NXapm_paraprobe_config_clusterer

Status:

application definition, extends NXobject

Description:

Configuration of a paraprobe-clusterer tool run in atom probe microscopy.

Symbols:

The symbols used in the schema to specify e.g. dimensions of arrays.

n_ivecmax: Maximum number of atoms per molecular ion. Should be 32 for paraprobe.

n_clust_algos: Number of clustering algorithms used.

n_ions: Number of different iontypes to distinguish during clustering.

Groups cited:

NXapm_input_ranging, NXapm_input_reconstruction, NXcg_cylinder_set, NXcg_ellipsoid_set, NXcg_face_list_data_structure, NXcg_hexahedron_set, NXcs_filter_boolean_mask, NXentry, NXmatch_filter, NXprocess, NXspatial_filter, NXsubsampling_filter

Structure:

ENTRY: (required) NXentry

@version: (required) NX_CHAR

Version specifier of this application definition.

definition: (required) NX_CHAR

Official NeXus NXDL schema with which this file was written.

Obligatory value: NXapm_paraprobe_config_clusterer

program: (required) NX_CHAR

Given name of the program/software/tool with which this NeXus (configuration) file was generated.

@version: (required) NX_CHAR

Ideally program version plus build number, or commit hash or description of ever persistent resources where the source code of the program and build instructions can be found so that the program can be configured ideally in such a manner that the result of this computational process is recreatable in the same deterministic manner.

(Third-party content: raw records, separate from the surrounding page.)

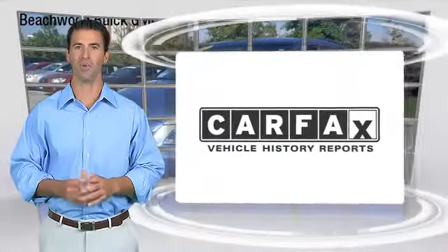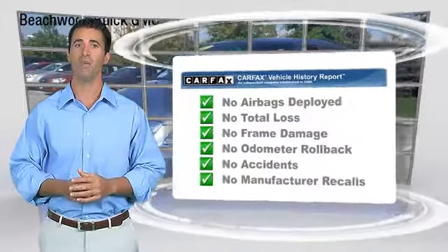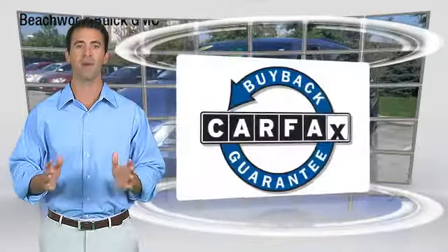Here's another high-quality vehicle with the Carfax Vehicle History Report. Be sure to find a complimentary copy of this report online or contact the dealership. This vehicle qualifies for the Carfax Buyback Guarantee.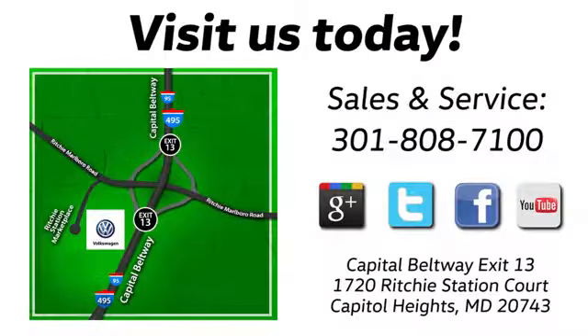Visit Bohenga Volkswagen today. Find us by the car tower, conveniently located on the Capitol Beltway at exit 13, 1720 Ritchie Station Court in Capitol Heights, Maryland.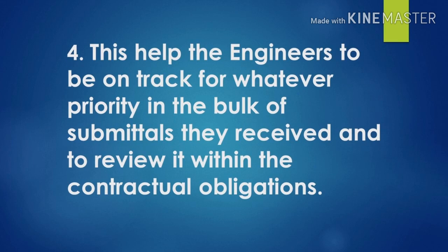Number four: this helps the engineers to be on track for whatever priority in the bulk of submittals they receive and to review it within the contractor obligations. This is related to number two — we need to know how many submittals are received and released each day. Because in the bulk of documents we receive every day, there should be priority. Sometimes a contractor will submit a bunch of documents, but those are not the most urgent. It needs to be prioritized according to the condition of the site.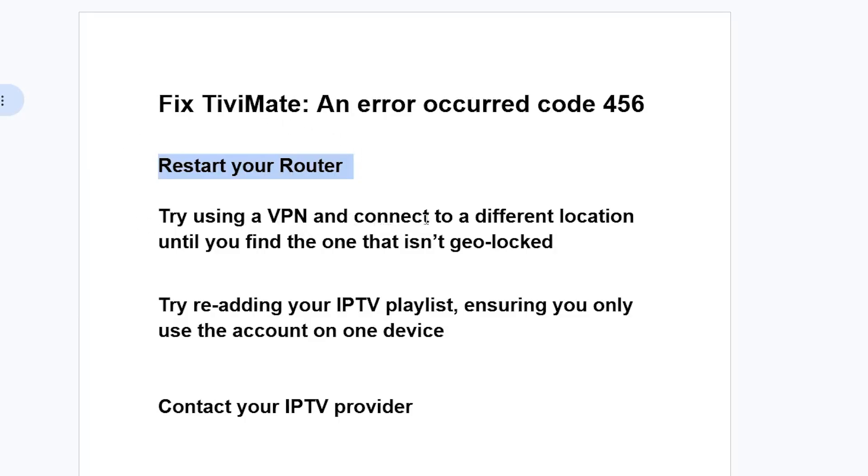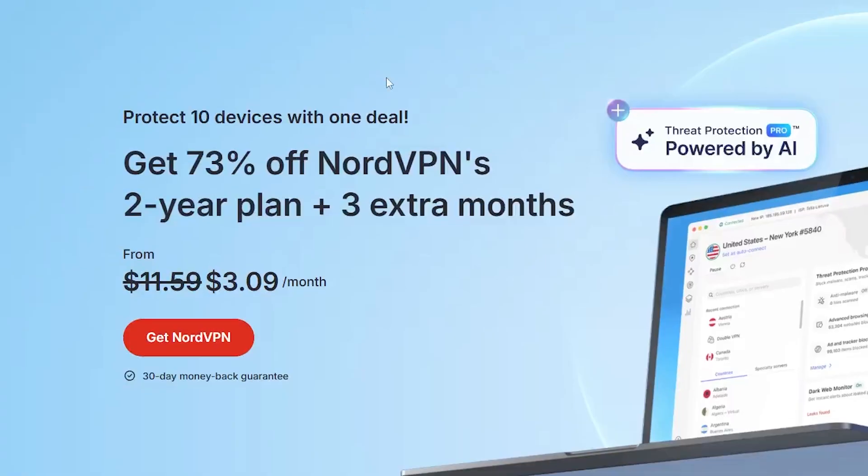If restarting your router doesn't fix the problem, try using a VPN and connect to a different location until you find one that isn't your local region, since this error relates to ISP blocking or ISP issues.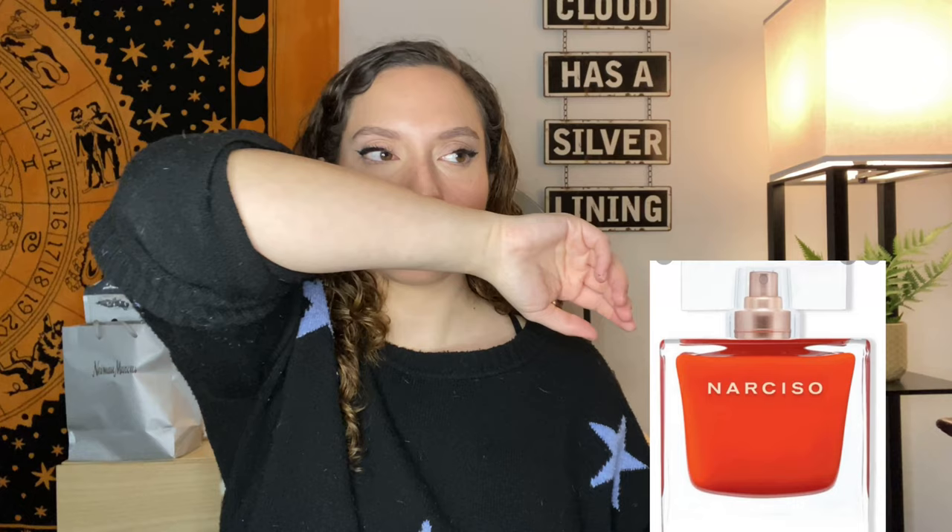Next we have the Rouge EDT, which funnily enough was not nearly as good as the Rouge EDP — and I haven't really seen many people talk about the EDT. Rouge EDT has rose and lily of the valley at the top, musk in the mid, and tonka, cedar, white cedar, and vetiver in the base. This one smells very much like the OG For Her EDP — very clean, very primarily musky. It's missing that vanilla and sandalwood from the Rouge EDP, so it's not as sweet or as sexy. It kind of fell flat for me — lighter and less floral, but definitely not as sexy or unique.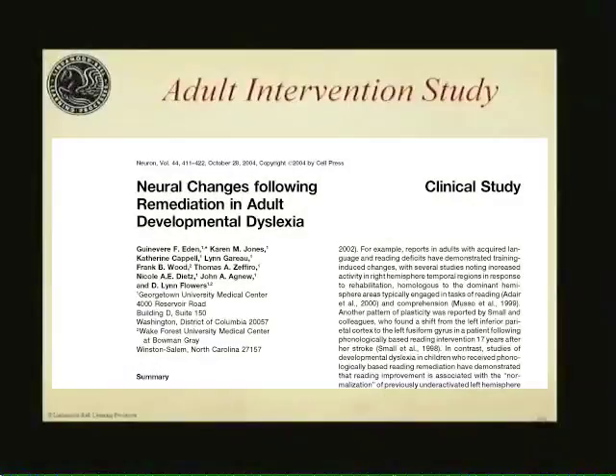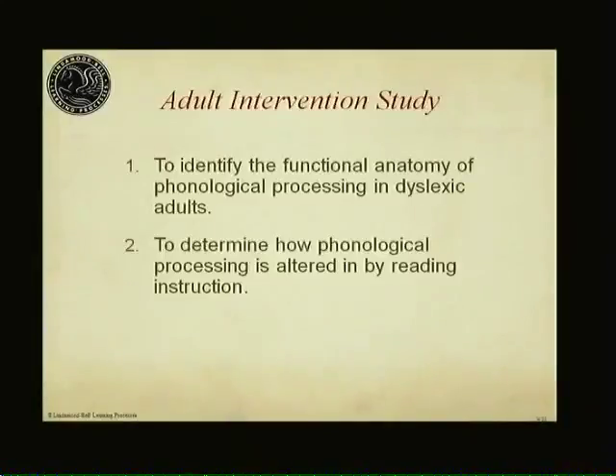The first study was published in Neuron in 2004 and was a collaboration between Wake Forest and Georgetown. We were looking at adult dyslexics who had been identified in childhood — they were quite severe and still had problems as adults. We were asking two questions: what does the brain look like in a dyslexic person, and how does it differ from a typical reader when performing a phonological task?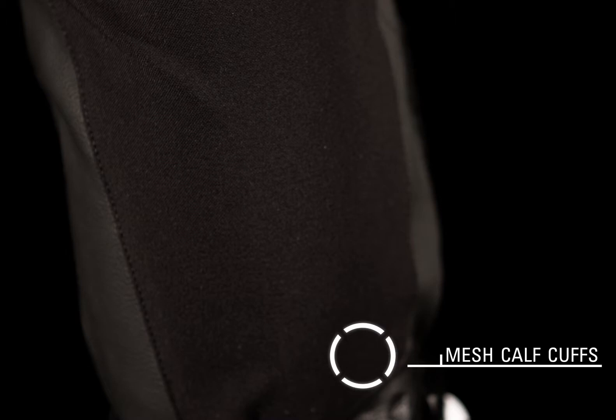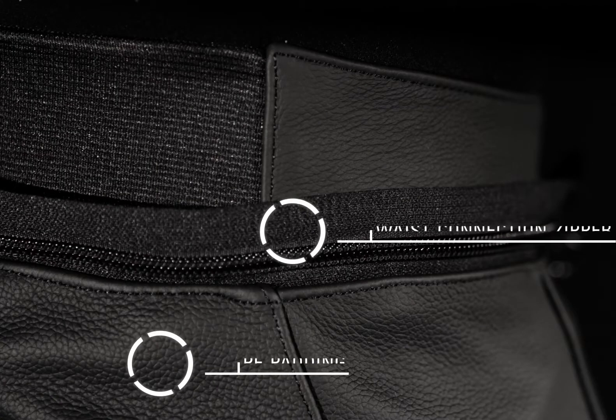Internal lining with stretch panel inserts work in conjunction with external flex zones, and contoured lightweight mesh calf cuffs enhance both fit and comfort. Integrated PE foam padding is located around the tailbone and hips for greater riding comfort.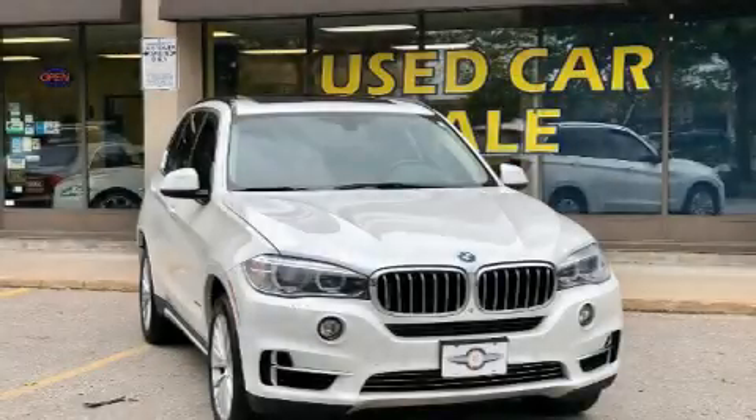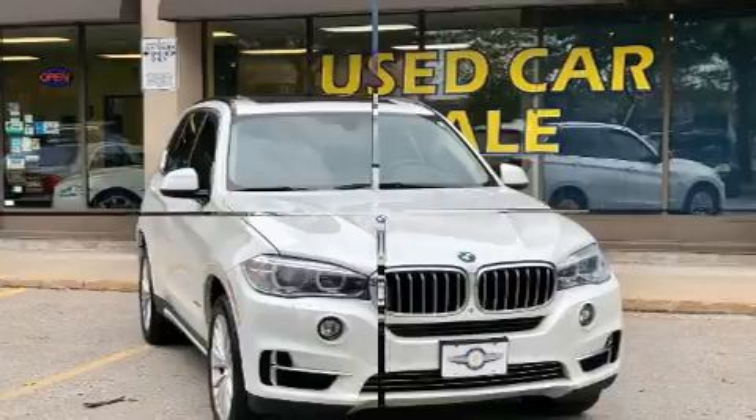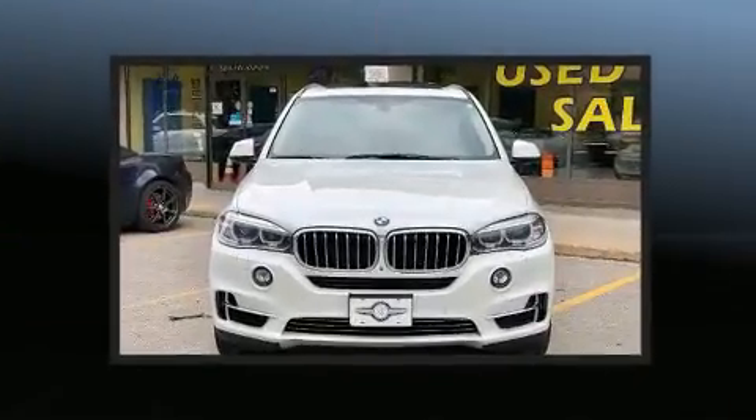Get excited about the 2014 BMW X5. It features an automatic transmission, all-wheel drive, and a powerful eight-cylinder engine.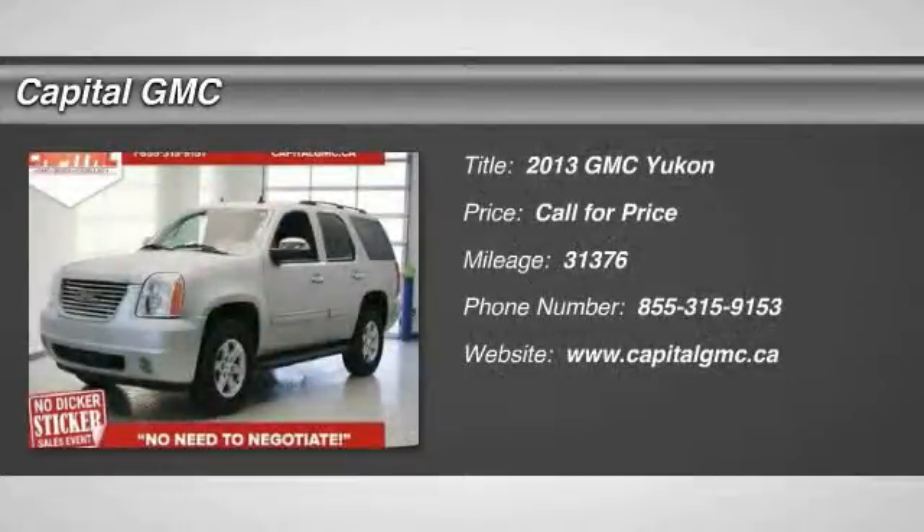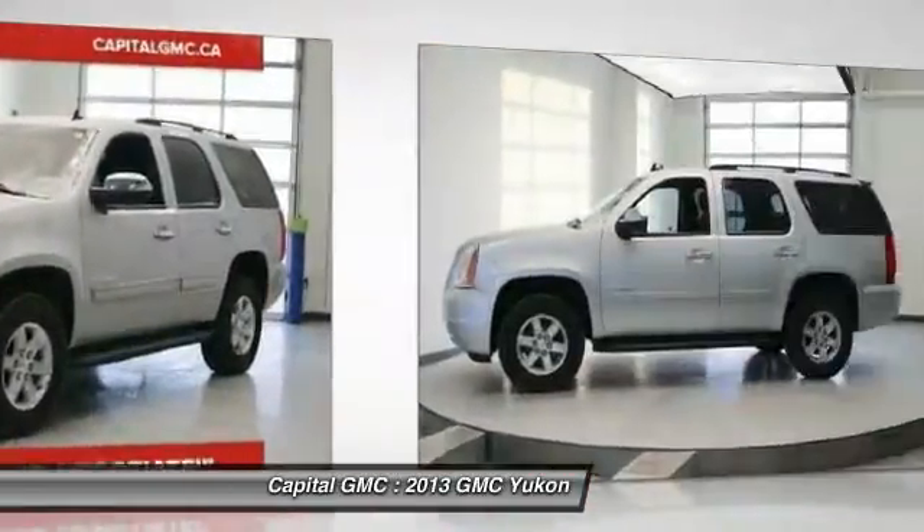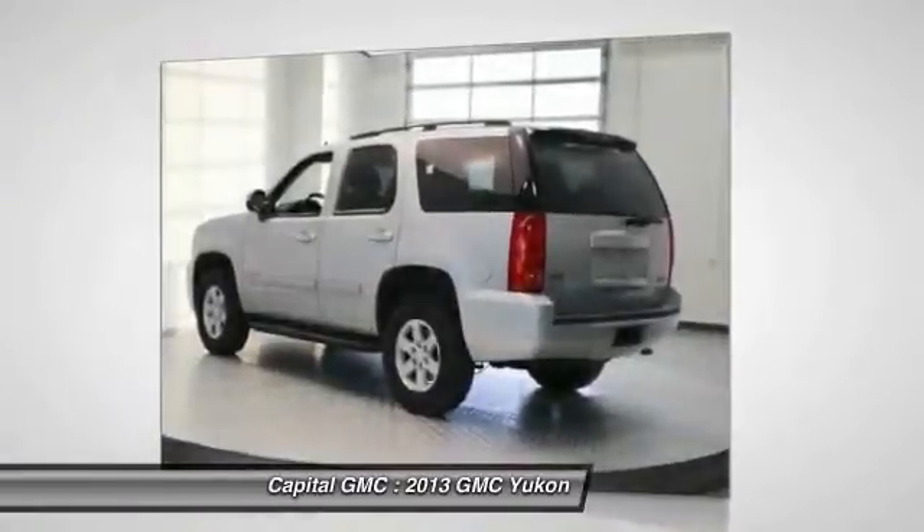The 2013 GMC Yukon. Peace of mind comes standard with GMC's 100,000 mile five-year powertrain warranty and Yukon's five-star frontal crash test rating.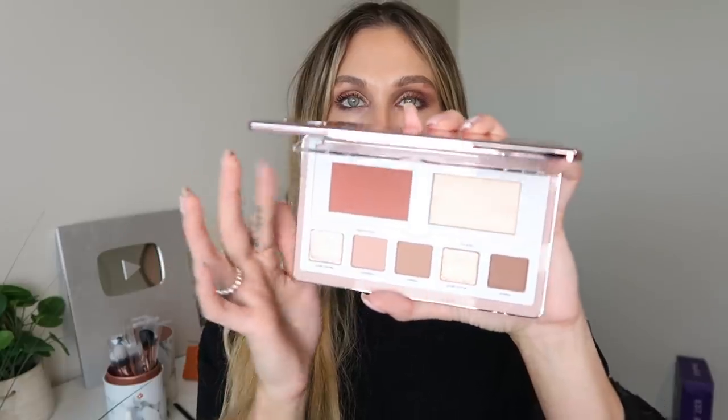I asked on my community tab whether you'd want the haul video first or a dedicated first-impression video. The haul video won out — it was about 59% — so that's why I'm doing the haul first, with the dedicated video right after. I'll keep checking the comments, and if people want a full video on the palette, that will be my next video. I'm just going to photograph it but I'll insert some swatches here. I'm all about these tones — the blush, the highlight, the eyeshadows — I'm so excited.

time_stamp: (required) NX_DATE_TIME

ISO 8601 formatted time code with local time zone offset to UTC information included when this configuration file was created.

analysis_identifier: (optional) NX_CHAR

Ideally, a (globally persistent) unique identifier for referring to this analysis.

analysis_description: (optional) NX_CHAR

Possibility for leaving a free-text description about this analysis.

number_of_processes: (required) NX_UINT {units=NX_UNITLESS}

How many tasks to perform?

cameca_to_nexus: (optional) NXprocess

This process maps results from cluster analyses performed with IVAS/APSuite into an interoperable representation. Specifically in this process paraprobe-clusterer takes results from clustering methods from other tools of the APM community, like IVAS/APSuite. These results are usually reported in two ways. Either as an explicit list of reconstructed ion positions. In the case of IVAS these positions are reported through a text file with a cluster label for each position.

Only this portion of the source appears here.